As the latest technology in the world of AI develops quickly and ever more impressive applications are achieved a new related phenomenon is also growing – a questioning of whether or not it is too intelligent to be revealed. This week OpenAI, a non-profit AI research organisation financially backed by the great and good of the tech sector from Elon Musk to Sam Altman of the YCombinator investment vehicle, announced a break from its usual convention of sharing its intellectual property (IP).

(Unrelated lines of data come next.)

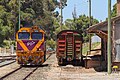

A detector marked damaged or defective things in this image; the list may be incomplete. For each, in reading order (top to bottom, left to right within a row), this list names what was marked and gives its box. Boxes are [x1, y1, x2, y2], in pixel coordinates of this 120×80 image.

rusty freight car [56, 30, 83, 65]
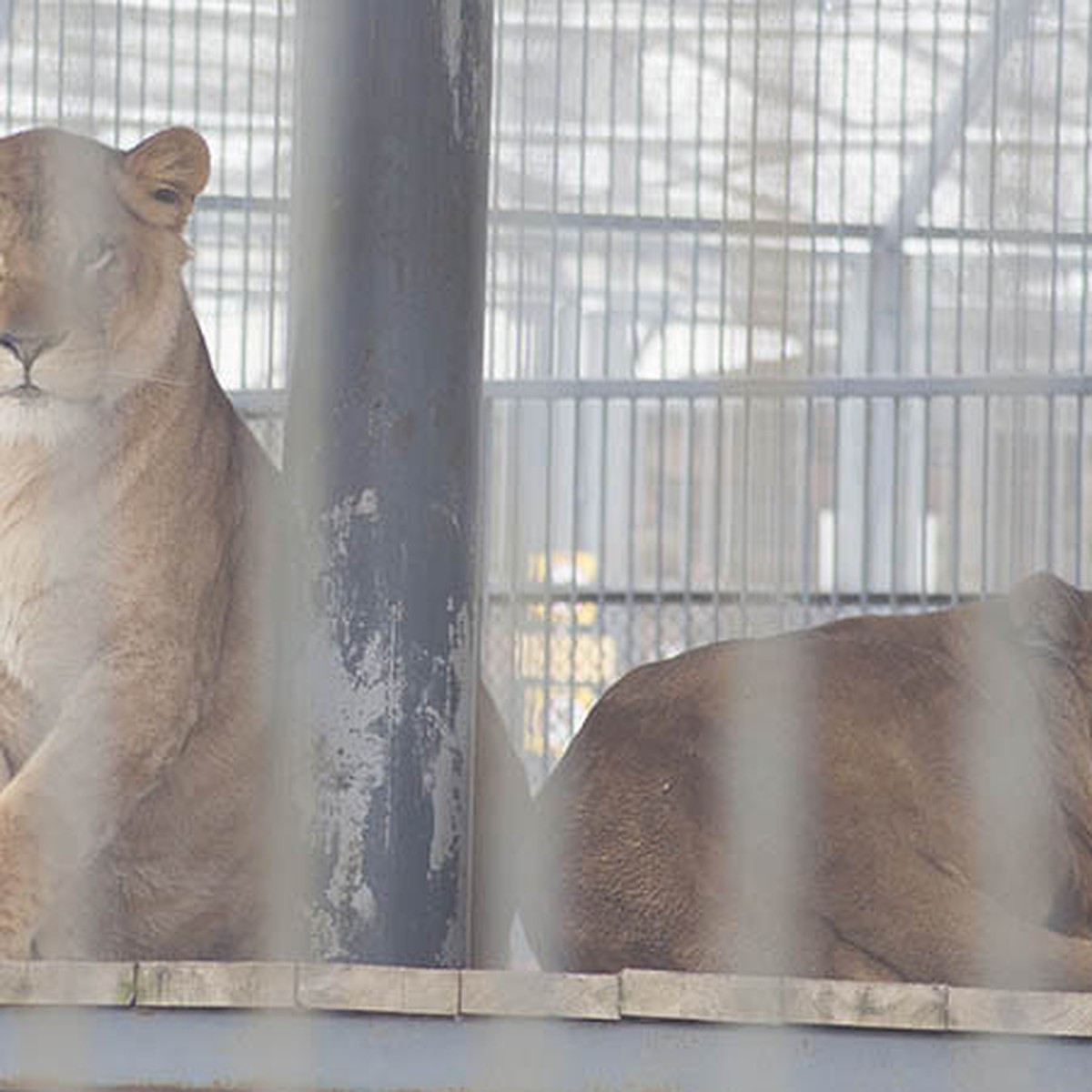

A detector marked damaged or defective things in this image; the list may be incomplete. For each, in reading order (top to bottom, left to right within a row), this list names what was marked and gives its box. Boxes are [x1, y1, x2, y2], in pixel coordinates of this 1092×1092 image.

peeling paint on pole [286, 2, 491, 974]
rusted metal column [290, 0, 495, 965]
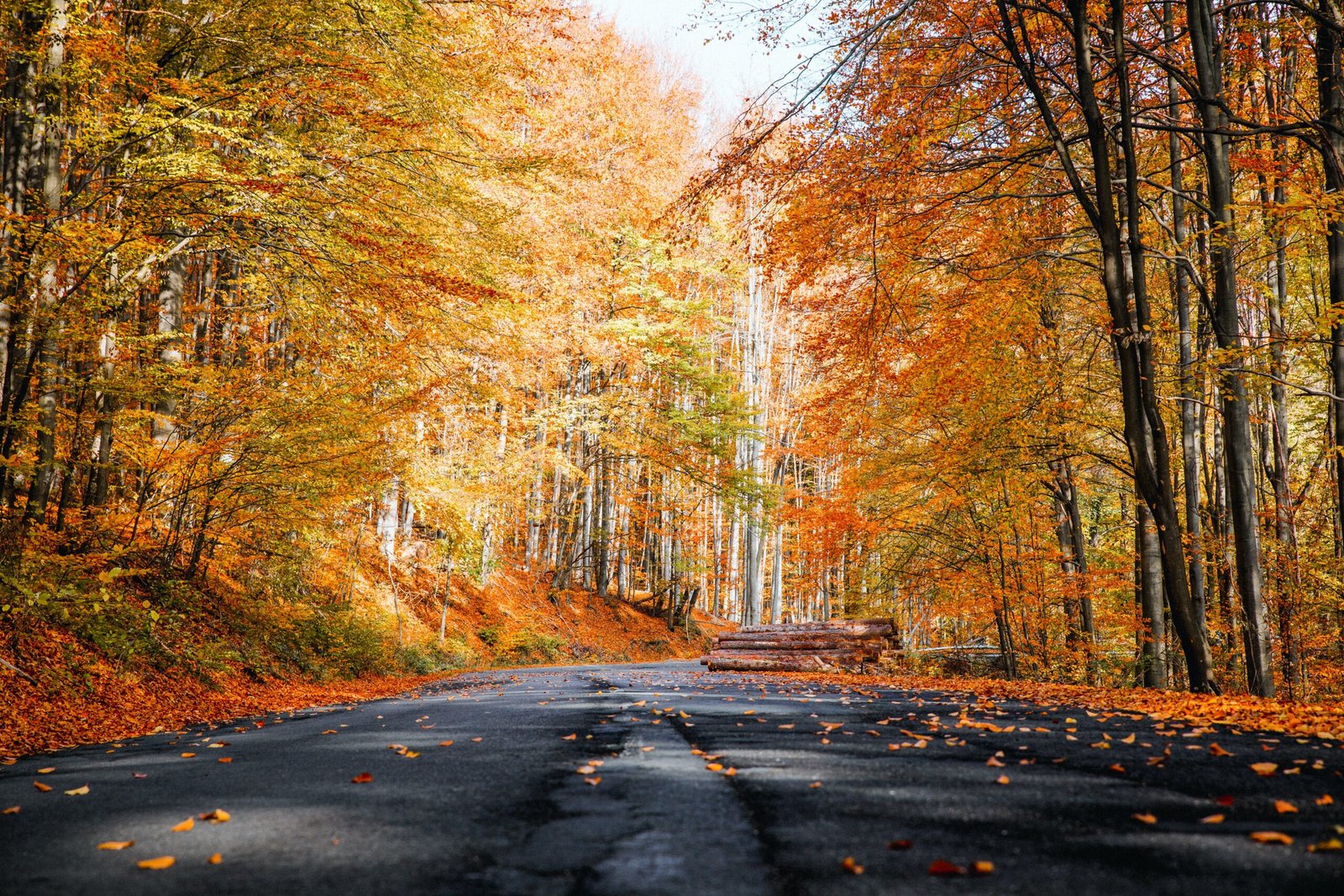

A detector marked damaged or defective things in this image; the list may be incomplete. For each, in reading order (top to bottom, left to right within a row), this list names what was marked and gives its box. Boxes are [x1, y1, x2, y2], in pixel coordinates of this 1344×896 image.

cracked asphalt road [3, 658, 1344, 887]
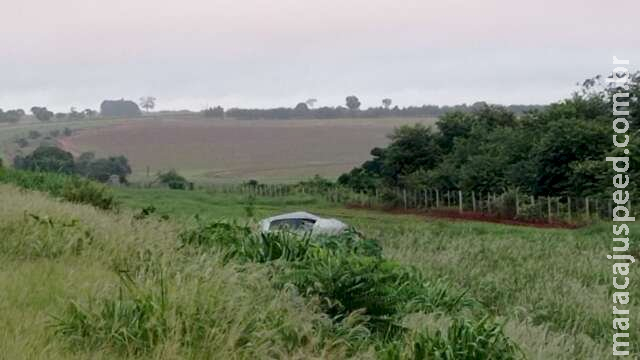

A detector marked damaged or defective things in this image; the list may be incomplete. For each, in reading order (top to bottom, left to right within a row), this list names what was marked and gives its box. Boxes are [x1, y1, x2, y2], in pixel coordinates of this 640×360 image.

crashed vehicle [260, 211, 350, 236]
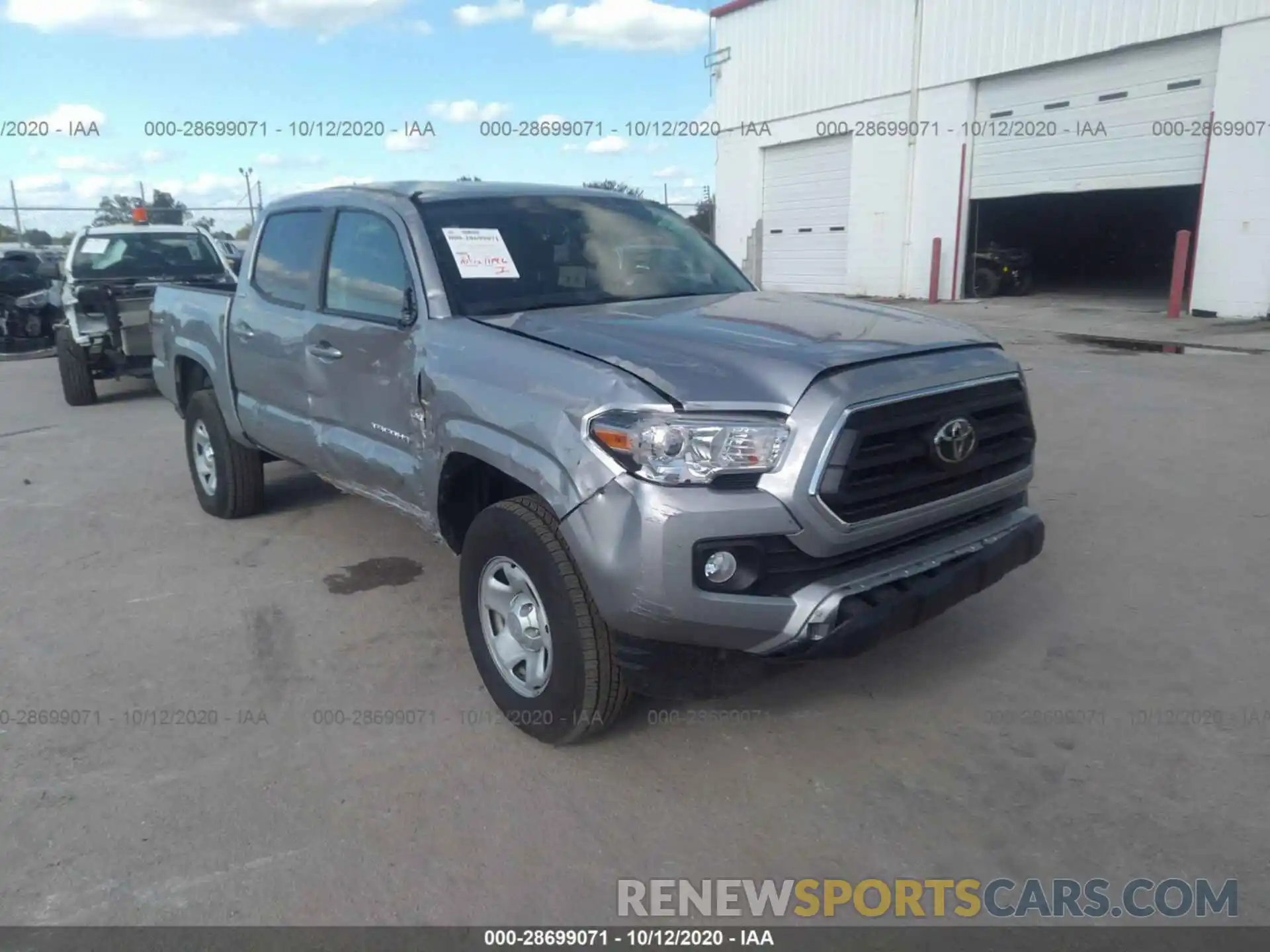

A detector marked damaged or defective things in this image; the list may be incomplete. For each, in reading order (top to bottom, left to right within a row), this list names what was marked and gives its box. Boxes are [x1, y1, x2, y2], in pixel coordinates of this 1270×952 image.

crumpled hood [479, 290, 1000, 410]
damaged vehicle behind [151, 180, 1042, 746]
damaged front bumper [561, 476, 1048, 698]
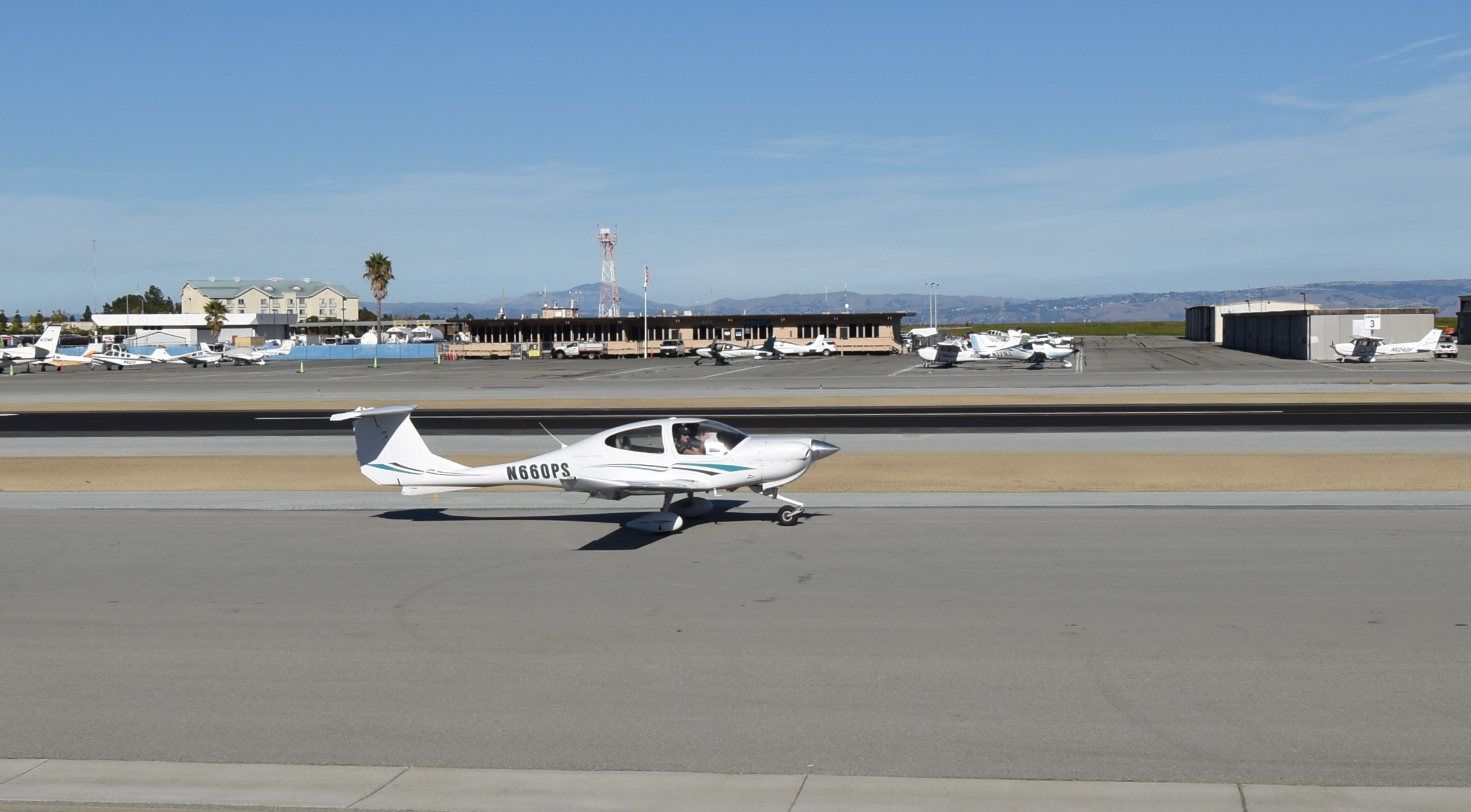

OpenAI generally releases its research to the public with the philosophy its open source approach will help speed up the wider development of AI technology. However, the organisation has come to the conclusion that it should keep its latest AI model, GPT2, under wraps pending further discussion around the potential ramifications of the tech breakthrough it represents.
GPT2 is a text generator but one that shows a level of sophistication significantly beyond any previous AI text-generator. It works on being provided with a text sample that can range from just a few words to pages. The AI then completes or adds to the text. So if it was given a newspaper headline it could come up with a complimentary article. This is not new for AI but other existing algorithms struggle to maintain syntax and the kind of consistency of structure, flow and content that would pass for a human writer. Apparently not so GPT2.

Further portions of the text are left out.